The History Lives series walks through church history in five volumes, chronicling the Ancient (Peril and Peace), Medieval (Monks and Mystics), Reformation (Courage and Conviction), Awakening (Hearts and Hands) and Modern church (Rescue and Redeem). Most chapters depict small scenes in the life of a significant figure in church history, immersing the reader in the details of the figure’s life at one particular time and place in a compelling and vivid way. They read more like stories than like biographies, which makes them fun to read aloud.
Brandon and Mindy Withrow obviously chose their subjects carefully: there are figures in here that we all know, but there are many that are more obscure and whose stories I’m grateful to them for recovering. Tucked between the stories are a few topical chapters that flesh out what was happening in the church at the time and why it was significant.

The Withrows bring a balanced perspective to complex issues like the Crusades, resisting the urge to distill the lives of these very real, sinful people down into cautionary tales or glorified epic adventures. Of the medieval church, they write:
It is often hard for modern Christians to remember that the people who developed these ideas were studying the Bible in the medieval world—a world very different from today. . . . Like Christians of all eras, they made both positive and negative contributions to the church.

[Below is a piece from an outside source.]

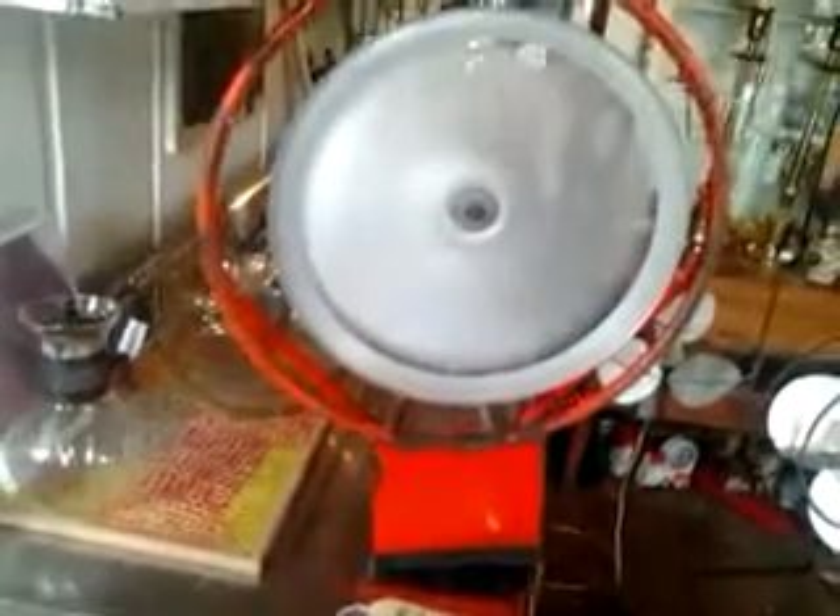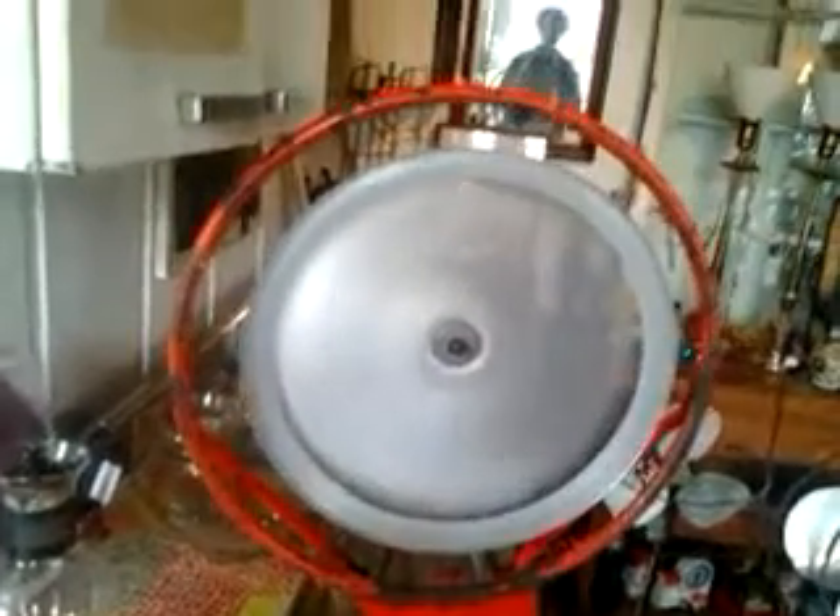This fan operates smoothly and quietly with a unique blade design from a condenser fan taken from an old air conditioner. It has many years of service with low maintenance. It has two speeds but really only needs one, and is solidly welded together out of materials that the city executives don't approve of being stored on private property.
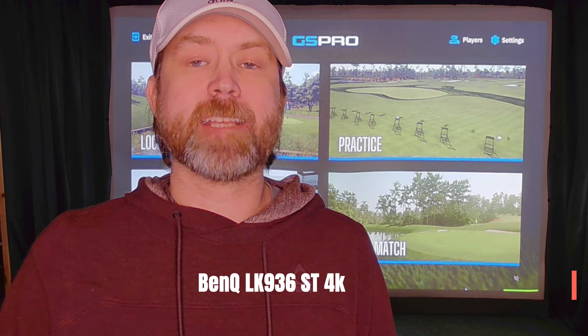Hey everybody, CE Simgolf. My name is Chris and I'm a GS Pro Designer. I'm back with a look at another new projector. Today we have the BenQ 936ST 4K Laser Projector. Thank you to BenQ for sending it to me to review. I'm also going to look at the progress I've made on Wingfoot, which is my next course coming out. It's still going — it takes me a while, but I'm getting excited. It's getting much closer now.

I appreciated this perspective.
I was less impressed, though, by the way the writers updated the dialogue of the characters to make it feel not consistent with their own time but consistent with ours. Perhaps this makes them appear more relevant or readable, but the moments when the characters quoted their own works within conversation felt refreshing, as though they’d been allowed to breath through the story rather than have to keep in step with the writer’s tone. Those, for me, were the moments when history truly lived as I read.

But that’s a small complaint, and on the whole, I loved these books. They provide a great flyover view of church history from its early days to the present, and are easy to read start-to-finish or in tandem with a more detailed history curriculum (we’re currently reading Monks & Mystics with the Veritas Press history cards, if you’re interested). In fact, they remind me more than a little of Susan Wise Bauer’s Story of the World series, but with an emphasis on church (rather than world) history. They whetted my appetite for history as well as my husband’s, and will, I hope, open up the world of church history for our daughters.